In late May, Running Back Mike Blakely requested and received permission to transfer from the University of Florida to Auburn University. Florida Gators Head Coach Will Muschamp granted his release. Blakely, who signed with Florida in the 2011 recruiting class, was a 4-star recruit who chose the Gators over Auburn and others. But Blakely had a change of heart and decided that Gainesville was a bad fit. NCAA rules require that Blakely sit out one year of eligibility before being allowed to play for Auburn. Auburn however, has requested a waiver of that rule in Blakely’s case, and seeks to have him declared eligible for 2011.
Should the NCAA grant that waiver and let the young man play, or should they deny it? Here’s an argument for both sides.
LET HIM PLAY
Mike Blakely never played a down for Florida. While he graduated early from Manatee High School in Bradenton and enrolled in classes in January, he didn’t participate in spring drills and has not joined any of the voluntary workouts. He never really joined the team. Blakely made a verbal commitment to then-Head Coach Urban Meyer, expecting to play in a spread offense. Meyer announced his decision to step down in December 2010 and Florida immediately hired Texas Defensive Coordinator Will Muschamp. Muschamp then hired Charlie Weiss to run his offense. Weiss is considered a pro-style, multiple set guru who gives his teams a “decided schematic advantage,” but the only spreads he knows about are Pimiento Cheese and Miracle Whip. Blakely was clearly a bad fit in that offense and was probably never going to succeed at the level he expected to under Meyer’s scheme.
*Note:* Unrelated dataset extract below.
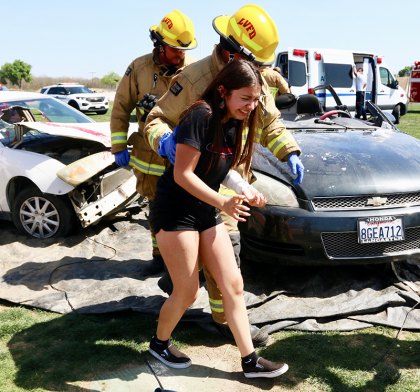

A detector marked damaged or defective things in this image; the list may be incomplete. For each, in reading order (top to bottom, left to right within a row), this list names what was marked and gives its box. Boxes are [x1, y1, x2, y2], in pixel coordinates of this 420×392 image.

crumpled car hood [253, 129, 420, 199]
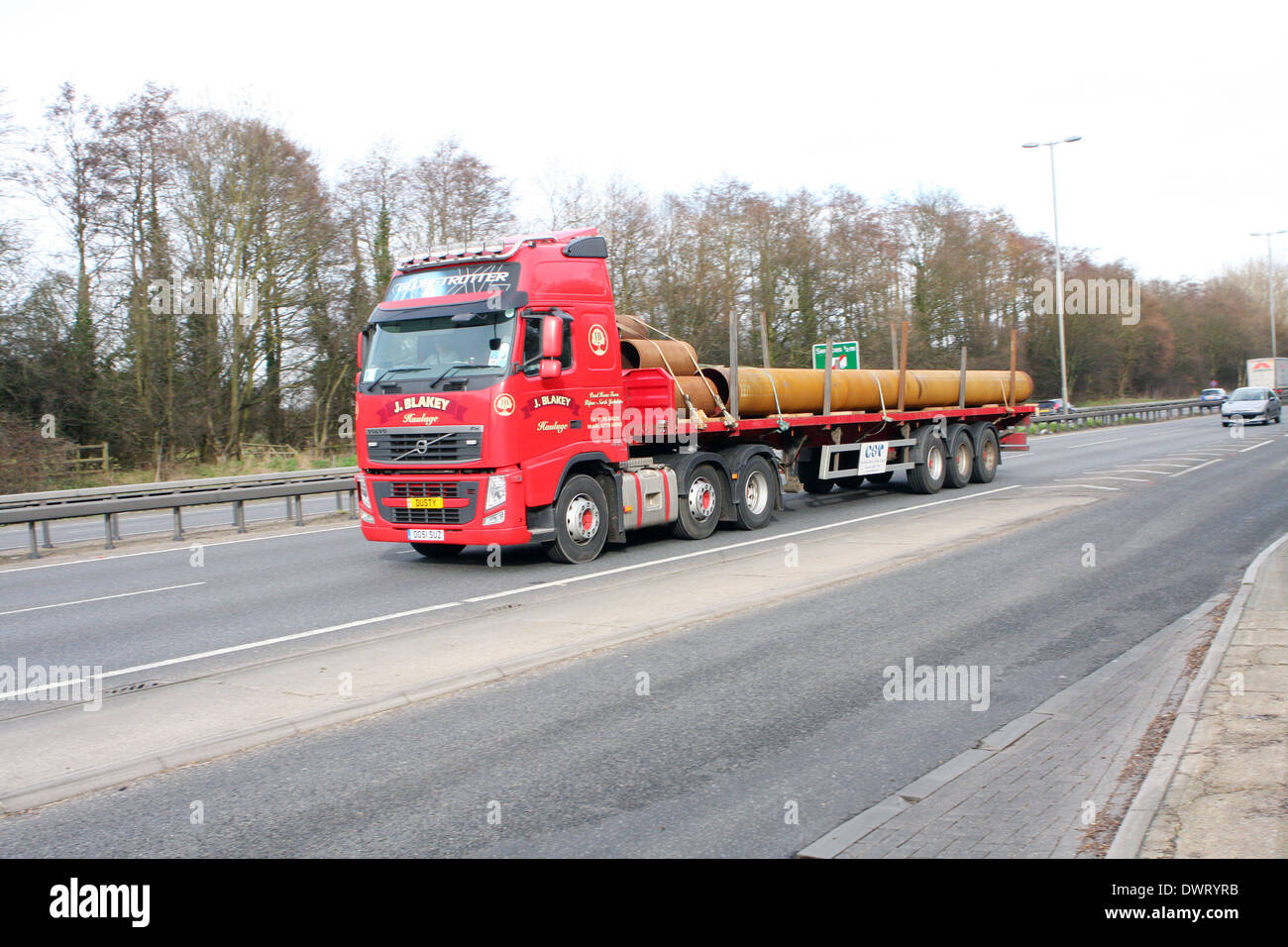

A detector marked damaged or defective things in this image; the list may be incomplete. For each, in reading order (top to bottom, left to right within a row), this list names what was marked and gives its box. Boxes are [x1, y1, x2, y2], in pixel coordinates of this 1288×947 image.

Blakely clearly made a mistake in sticking to his verbal commitment to Florida. As soon as he realized that Meyer’s offense was a thing of the past at Gainesville, he should have re-opened his recruiting and looked elsewhere. Had he done so, he probably would have landed at Auburn, Oklahoma, Oregon or any of the other programs with spread offenses who were recruiting him.
The NCAA takes an “every case is different and unique” approach to determining eligibility. If they really do have the student-athlete’s best interests in mind, they should recognize that the young made made a bad judgment and should let him play immediately. After all, he’s never competed at the college level and shouldn’t be punished for one bad decision.
MAKE HIM SIT
Mike Blakely is an 18-year old high school graduate. He is not a kid. In the eyes of society and the law, he is a man. He presumably made his own decision, and did so with the advice and guidance of his family and his high school coach as well. He probably prayed about it. He probably gave it a great deal of thought and decided that he’d made the right decision. While it’s unfortunate that things didn’t work out in Gainesville, he made a commitment and there should be consequences for breaking it.
If you follow college recruiting with any degree of interest at all, you know one thing from every story announcing a prospect’s commitment: “Verbal commitments are non-binding.” You haven’t truly made a “commitment” until you sign a National Letter of Intent” and deliver it to the school you are committing to. At that point, you have made your decision and while transfers can and do often happen after a student-athlete has enrolled, the rule requiring the player to sit out one year season is there for a very good reason.
If Blakely is allowed to play in the 2011 season, recruiting chaos will ensue. You will have unscrupulous coaches using the Blakely case as precedent for late spring and early summer raids on other school’s incoming recruiting classes. The National Letter of Intent, once seen as an impenetrable barrier against poaching, will no longer be a deterrent. Programs can surreptitiously communicate with other teams’ commits and let them know that they’re holding a spot open for them after National Signing Day. “Go ahead and sign the LOI. Then, fake an injury or something. Say you’re homesick. You’re not happy. Whatever. We’ve got a spot for you. You can transfer just in time to enroll in the summer semester and the Blakely Decision might mean you can play right away.”
So, which way does the NCAA go in this? Does it decide that Blakely should get a pass for his “oops,” or does it decide that the consequences of breaking your commitments serve as deterrent for poachers?